*GIVEN DATA*

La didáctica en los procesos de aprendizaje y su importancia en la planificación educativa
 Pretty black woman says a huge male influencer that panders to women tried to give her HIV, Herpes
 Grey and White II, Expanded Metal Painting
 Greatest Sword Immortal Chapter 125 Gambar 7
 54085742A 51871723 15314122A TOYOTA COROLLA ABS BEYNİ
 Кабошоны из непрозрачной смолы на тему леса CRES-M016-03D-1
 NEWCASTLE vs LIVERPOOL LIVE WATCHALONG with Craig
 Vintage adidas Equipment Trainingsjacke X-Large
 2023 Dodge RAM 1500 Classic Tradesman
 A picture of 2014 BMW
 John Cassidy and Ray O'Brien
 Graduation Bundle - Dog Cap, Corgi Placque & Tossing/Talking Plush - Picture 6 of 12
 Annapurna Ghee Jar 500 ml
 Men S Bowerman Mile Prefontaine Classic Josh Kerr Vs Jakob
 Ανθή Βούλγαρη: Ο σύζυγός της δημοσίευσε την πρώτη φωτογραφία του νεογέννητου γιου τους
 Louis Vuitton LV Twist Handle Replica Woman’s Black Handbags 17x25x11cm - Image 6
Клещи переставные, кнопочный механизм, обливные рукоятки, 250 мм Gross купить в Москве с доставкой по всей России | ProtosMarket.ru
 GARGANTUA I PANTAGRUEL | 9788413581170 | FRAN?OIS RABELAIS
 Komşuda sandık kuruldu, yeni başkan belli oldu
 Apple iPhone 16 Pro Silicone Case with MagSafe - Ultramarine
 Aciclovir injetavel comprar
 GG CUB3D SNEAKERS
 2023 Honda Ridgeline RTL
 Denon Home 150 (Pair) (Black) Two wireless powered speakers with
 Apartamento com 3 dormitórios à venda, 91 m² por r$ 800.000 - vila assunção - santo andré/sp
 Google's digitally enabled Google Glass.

*PROBLEM TO SOLVE*
Show all of the lines above in which "Classic" is present.

*RESPONSE FOR THIS EXERCISE*
 2023 Dodge RAM 1500 Classic Tradesman
 Men S Bowerman Mile Prefontaine Classic Josh Kerr Vs Jakob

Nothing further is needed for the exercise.